NPU Data Dump

  1. Modify the training script and insert the dump configuration.
    • Training configuration example in session.run mode:
      import precision_tool.tf_config as npu_tf_config
      config = npu_tf_config.session_dump_config(config, action='dump')
      sess = tf.Session(config)
    • Training configuration example in Estimator mode:
      import precision_tool.tf_config as npu_tf_config
      dump_config=npu_tf_config.estimator_dump_config(action='dump')
      npu_config = NPURunConfig(dump_config=dump_config)
    • In session.run mode, the dump configuration and Rec SDK TensorFlow model saving cannot be used at the same time.
    • During multi-device training, you only need to add the dump configuration to the training of one device. Otherwise, data conflicts will occur when multiple devices save data at the same time.
  2. Perform training.

    Change the maximum number of training steps to 1 and perform training. The dump data file is generated in the directory specified by precision_data/npu/debug_0/, that is, precision_data/npu/debug_0/dump/{time}/{deviceid}/{model_name}/{model_id}/{data_index}. The following is an example of the file directory structure:

    precision_data/npu/debug_0/dump/20240125153144/0/ge_default_20240125153322_41/6/0/
    Table 1 Dump data file path format

    Path Key

    Description

    Remarks

    dump_path

    Dump data path. If a relative path is set, the full path is used.

    -

    time

    Time when the dump data file is flushed to drives.

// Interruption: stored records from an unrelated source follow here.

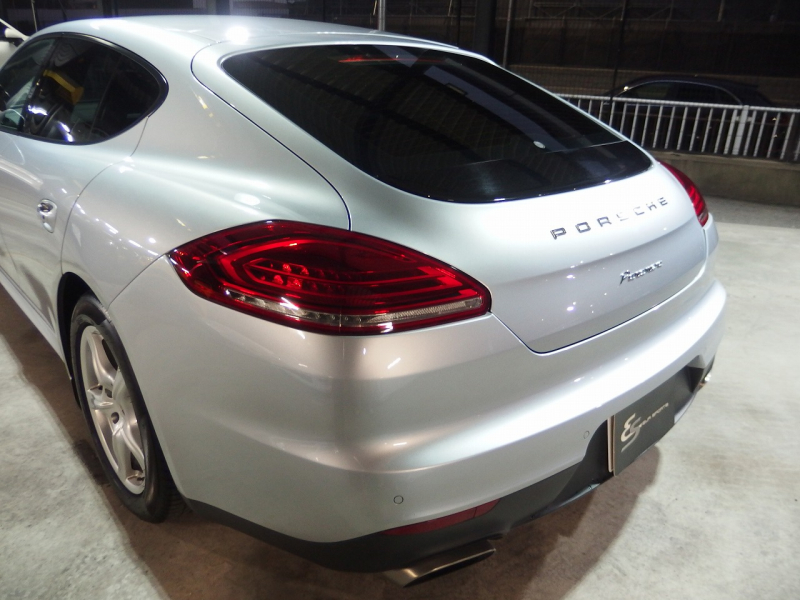 ポルシェ&nbsp;パナメーラ&nbsp;正規ディーラー車　右ハンドル　PDK&nbsp;中古車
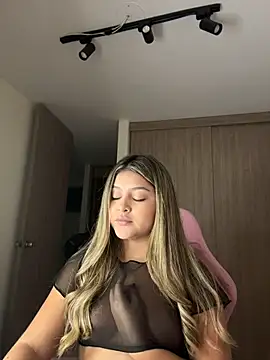 lunablossom_ webcam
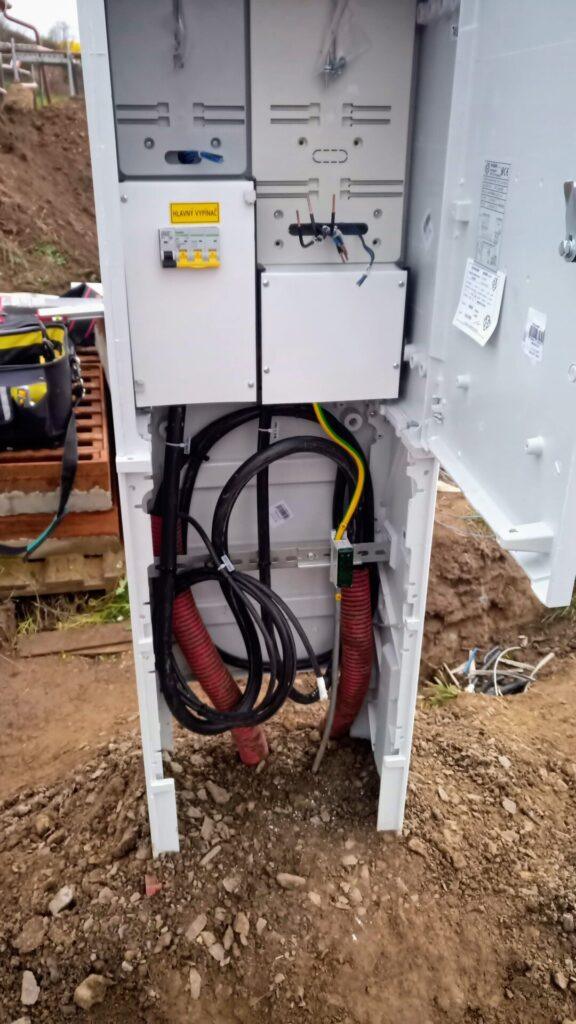 Montáž elektrickej prípojky | Stožok | Electric-mont
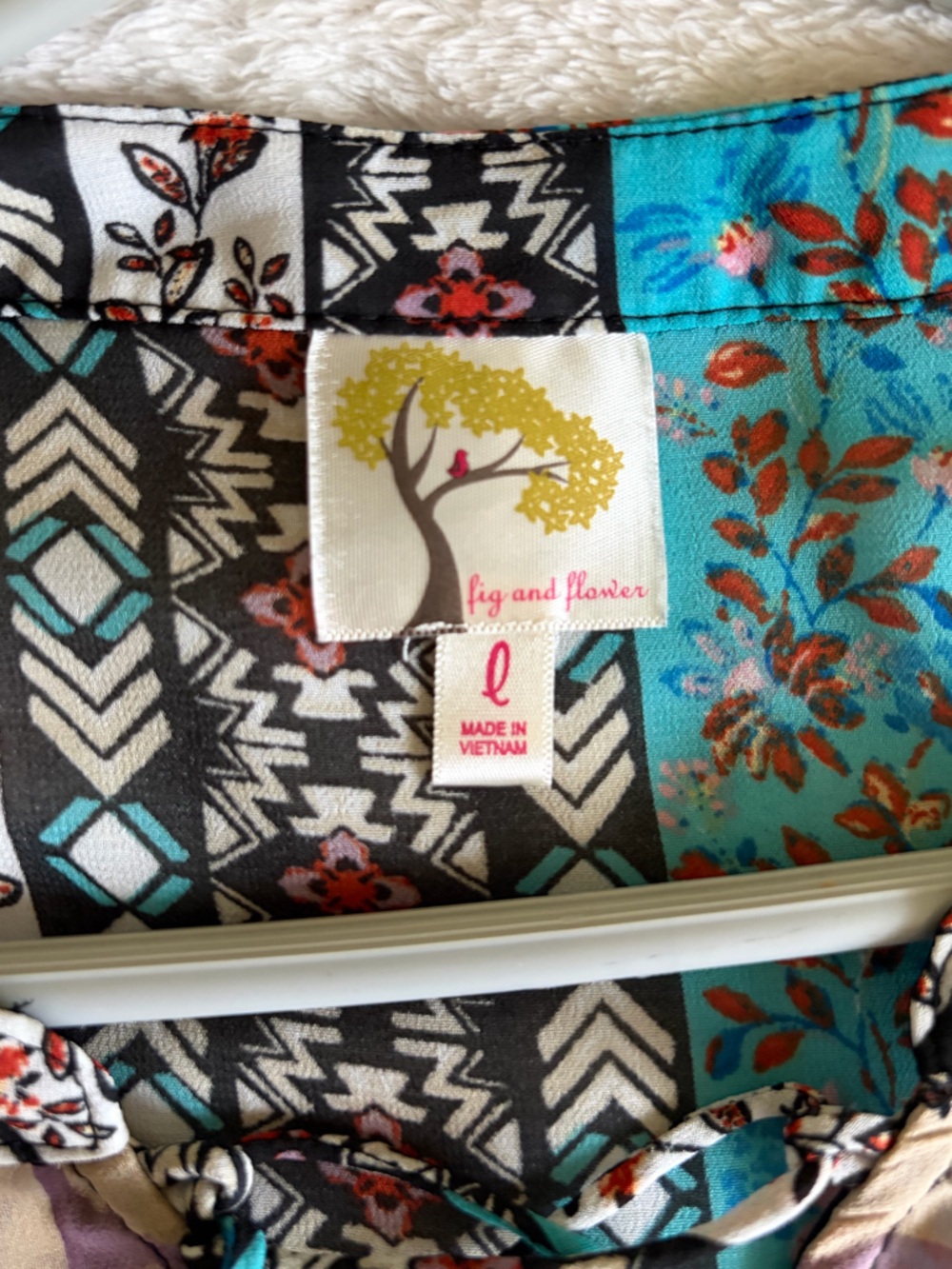 fig and flower Turquoise/Blue Printed Peasant‎ Semi Sheer Balloons Sleeve Blouse - Picture 5 of 9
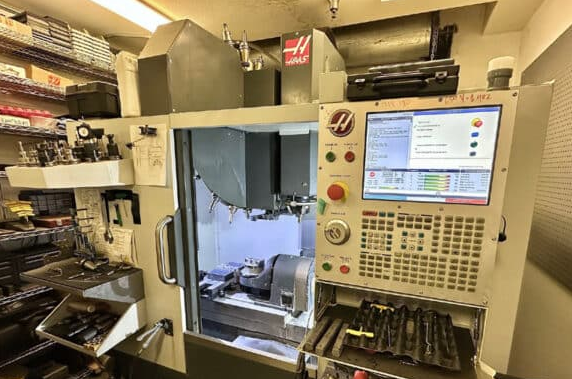 Haas DM-2 5-Axis CNC Mill 5 Axis
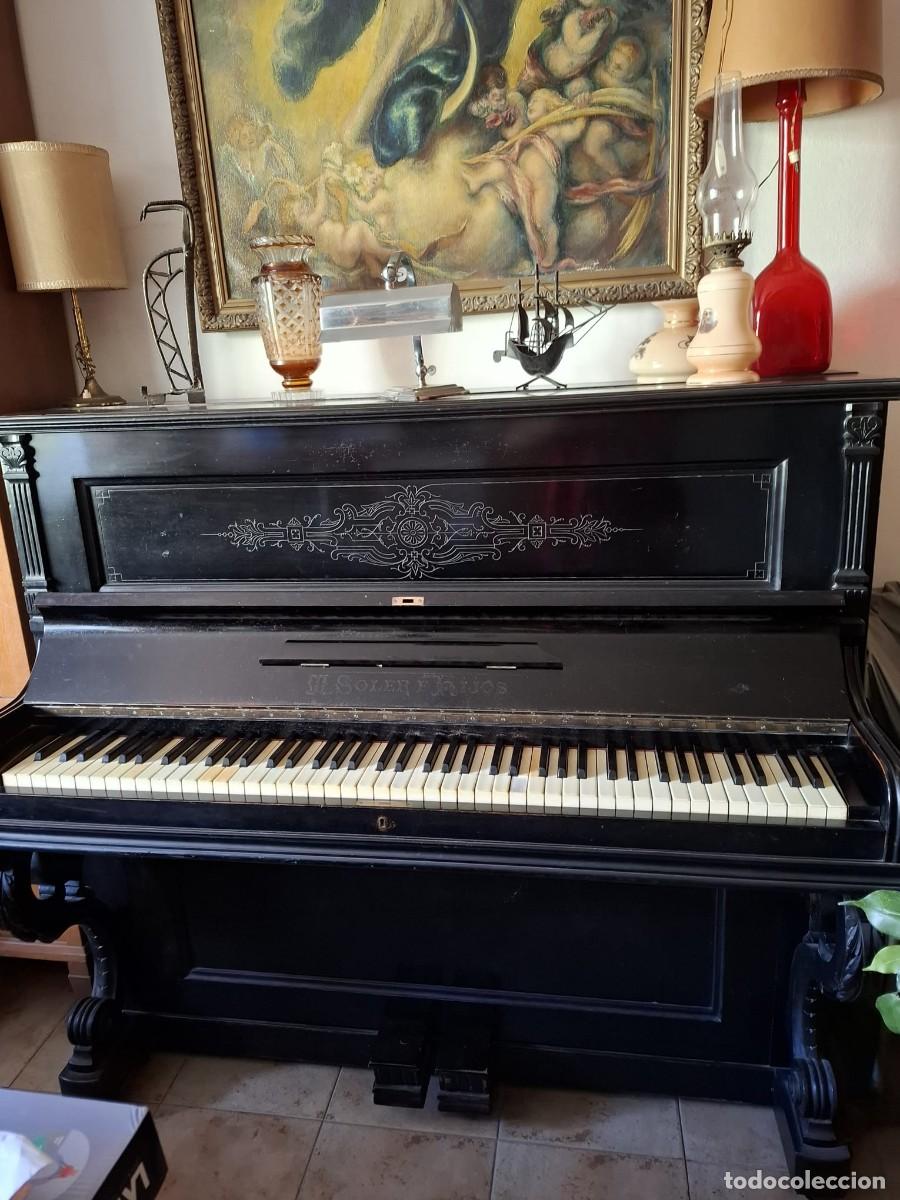 Strumenti musicali: Piano vertical de H. Soller y Ramos (finales sXIX principios sXX)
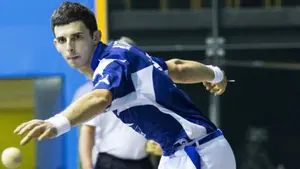 El guipuzcoano Altuna logra la primera victoria en la liguilla de cuartos de final del cuatro y medio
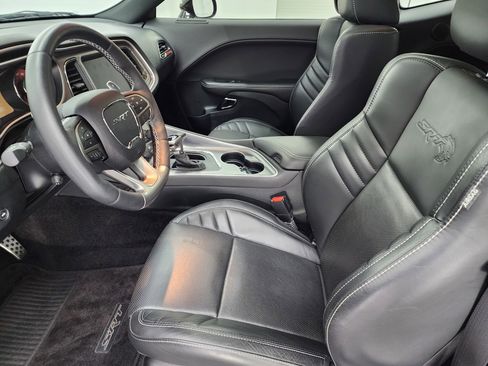 Used 2018 Dodge Challenger SRT Hellcat image 8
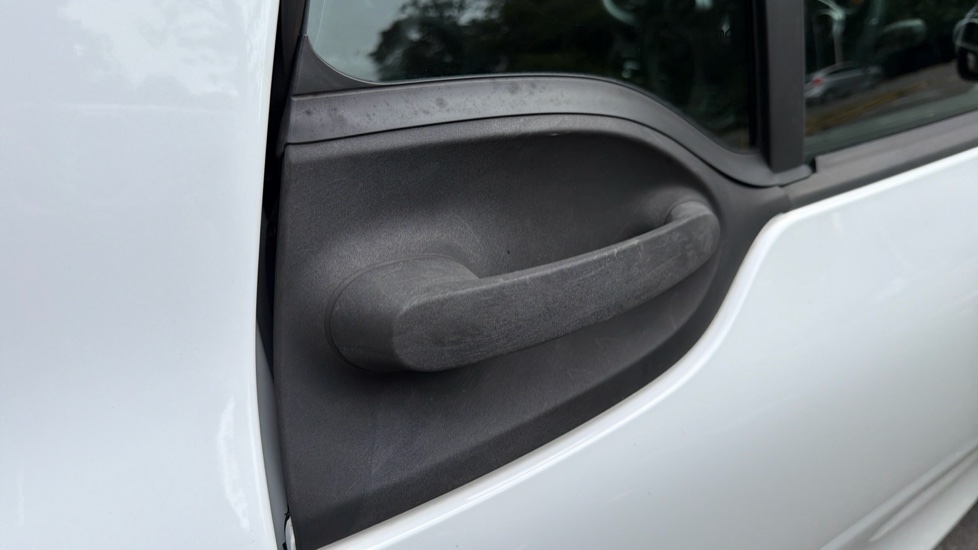 smart fortwo coupe 1.0 Prime Premium 2dr Auto Petrol Coupe - Image 40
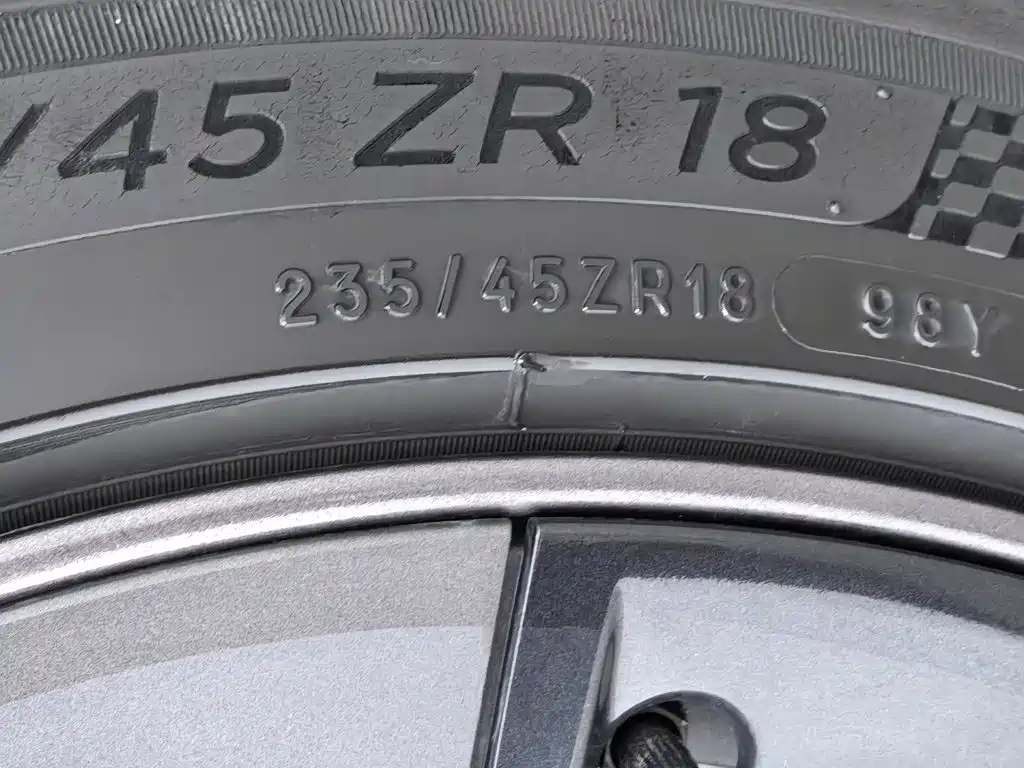 Tesla Model 3 — миниатюра 24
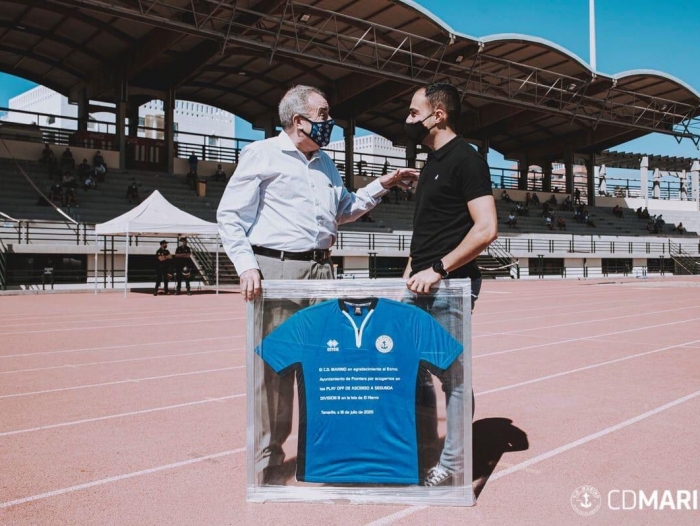 La Frontera  invitada de honor en el partido disputado entre el C.D. Marino y el Cádiz B C.F.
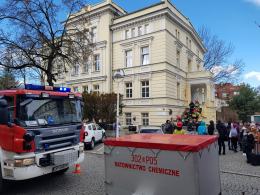 Ewakuacja opolskiego "plastyczniaka". Wyczuwalna woń siarki była powodem zaalarmowania straży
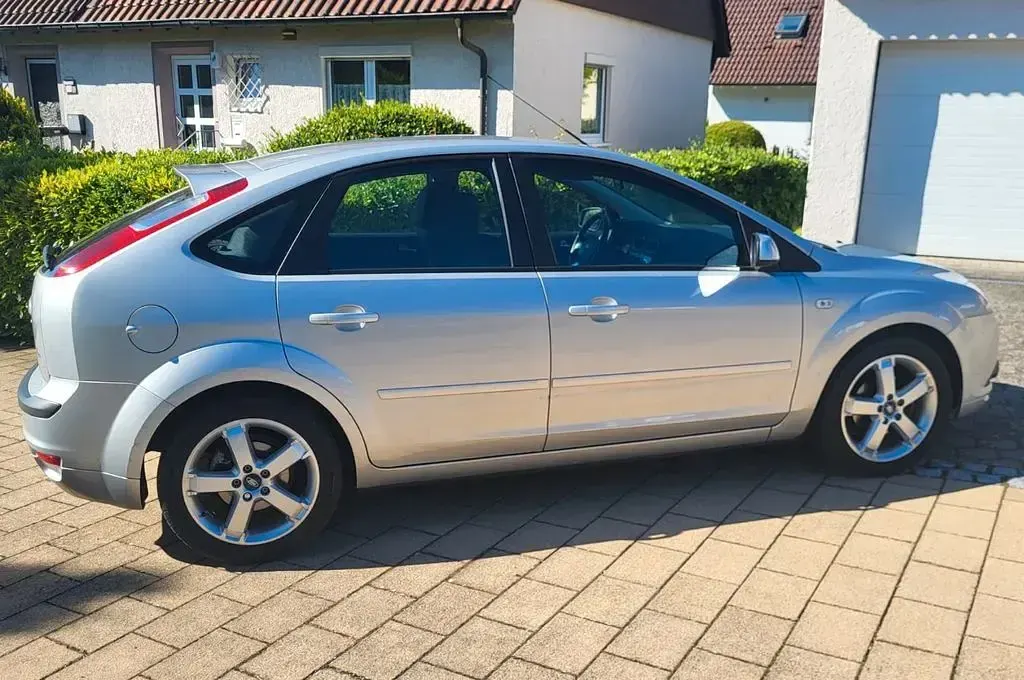 Gebraucht Ford Focus 80 PS (58 kW) 2007 Silber Limousine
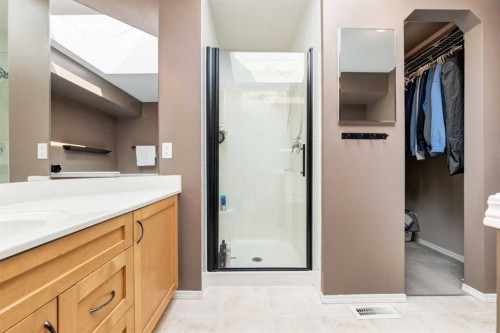156 Tuscany Meadows Close Nw, Calgary, AB - Indoor Photo Showing Bathroom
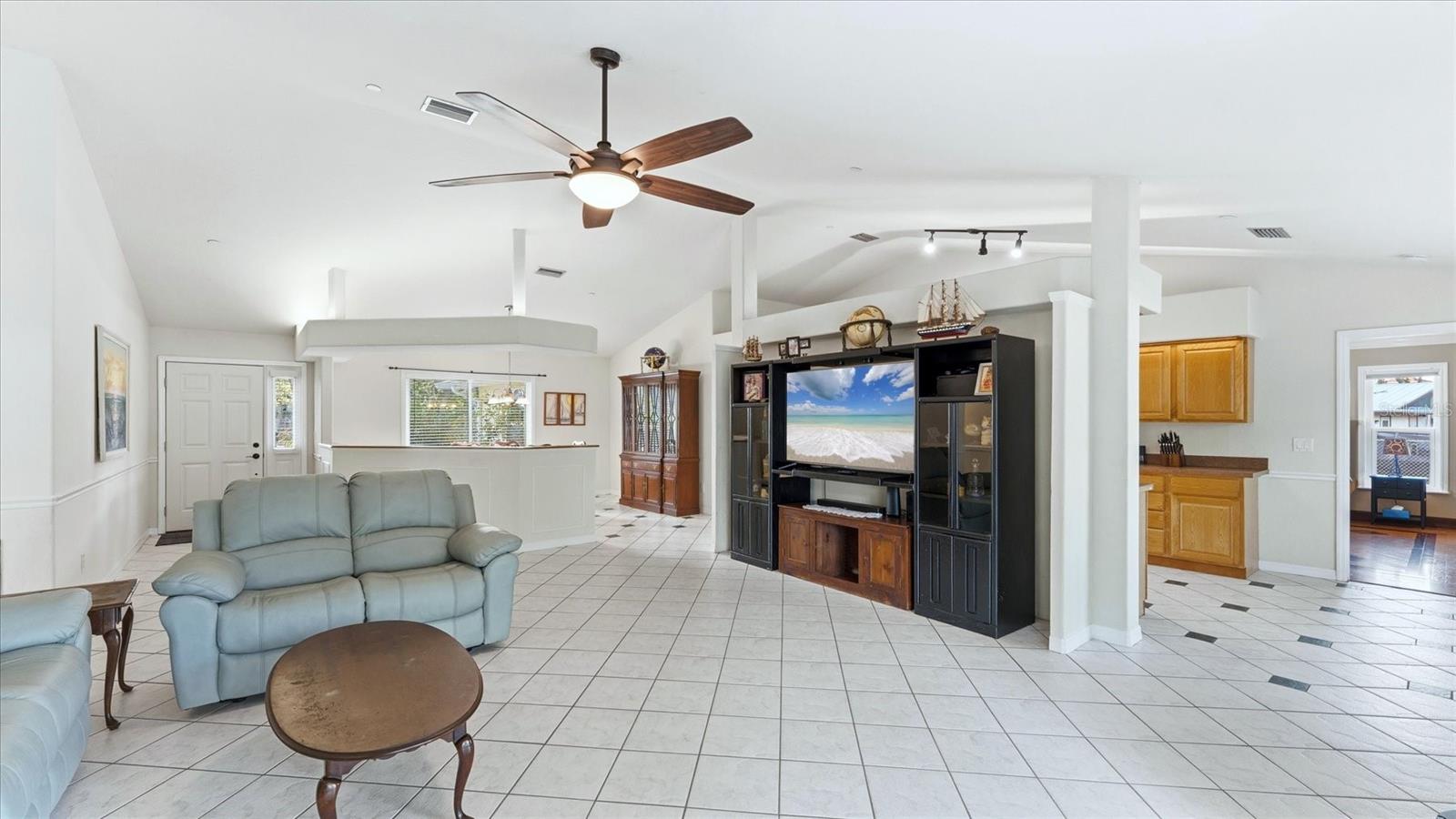 RIVER SPGS - Residential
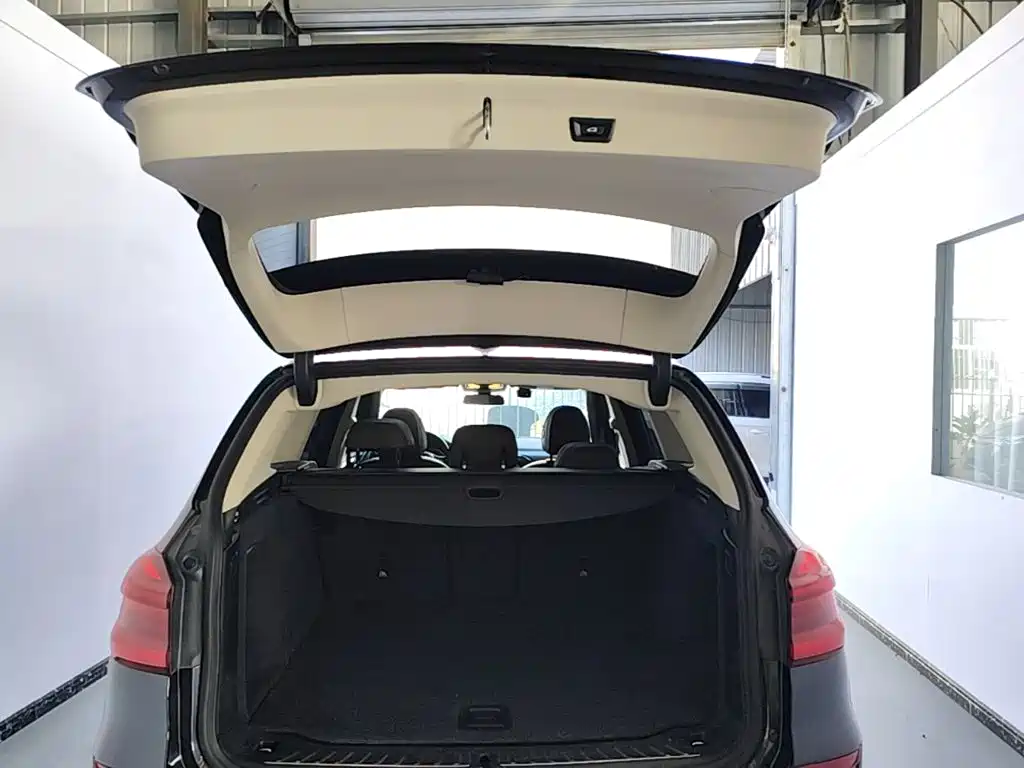 BMW X3 — миниатюра 19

    Format: YYYYMMDDHHMMSS

    deviceid

    Device ID.

    -

    model_name

    Subgraph name.

    The model_name layer may have multiple folders. The dump data is obtained from the directory corresponding to the computational graph name.

    If the value of model_name contains periods (.), slashes (/), backslashes (\), or spaces, replace them with underscores (_).

    model_id

    Subgraph ID.

    -

    data_index

    Number of iterations to be dumped.

    If dump_step is specified, the value of data_index is the same as that of dump_step. If dump_step is not specified, the value of data_index starts from 0 and increases by 1 each time an iteration is dumped.